Distributed Energy and Thermal Management of a 48-V Diesel Mild Hybrid Electric Vehicle With Electrically Heated Catalyst

Abstract

The 48-V diesel mild-hybrid electric vehicle equipped with an electrically heated catalyst is a cost-effective solution to reduce tailpipe emissions, while its supervisory control design is more challenging, due to cross-coupled energy and thermal subsystems. This article presents a distributed control design for the energy and thermal management system, aiming to optimize fuel economy and reduce catalyst warm-up time, by cooperation between electrical heating and engine load upshift. A control-oriented model of HEV and catalyst is developed, which captures the dynamics of the battery state of charge and catalyst temperature. The energy and thermal management problem is cast as a hybrid optimal control problem, to minimize entire trip fuel consumption under different switching (warm-up) times.

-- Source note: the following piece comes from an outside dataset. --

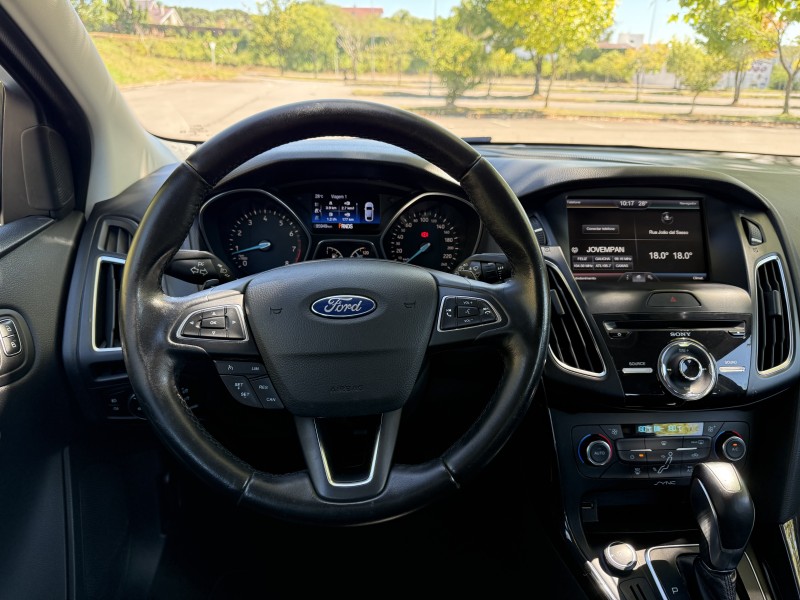 FOCUS 2.0 TITANIUM 16V FLEX 4P AUTOMÁTICO - 2016 - BENTO GONçALVES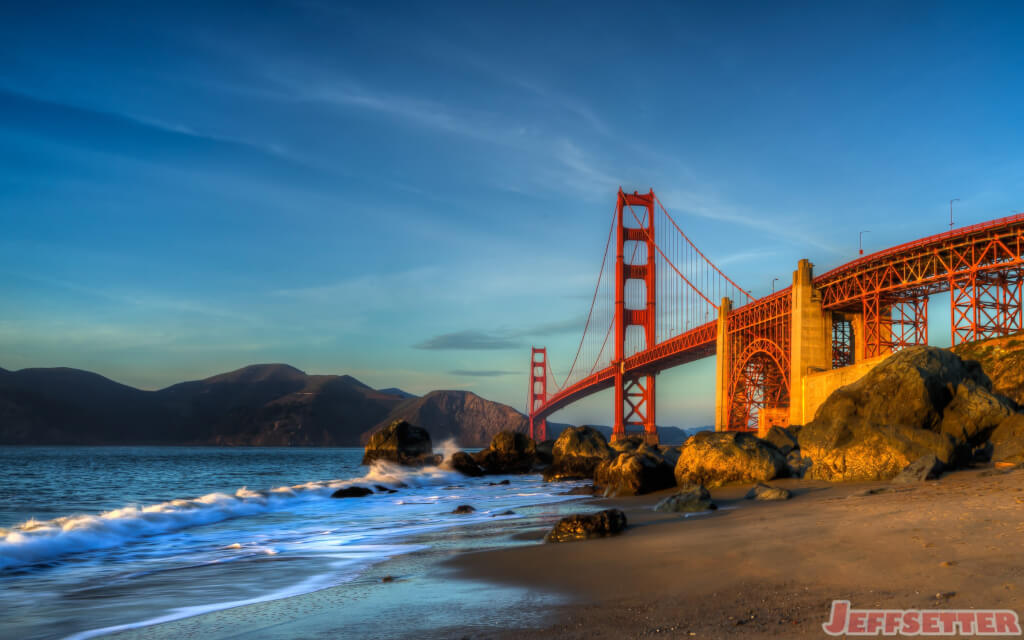 An Amazing Photo Journey to the Golden Gate Bridge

An off-line solution method is designed to exploit the tradeoff between fuel and warm-up time based upon hybrid minimum principle and a nested shooting algorithm. For online implementation, a distributed supervisory control is proposed, which covers both cold-start and normal operations, and is compatible with the equivalent consumption minimization strategy. Both off-line and online methods are validated in simulation, using two driving cycles and five warm-up speeds.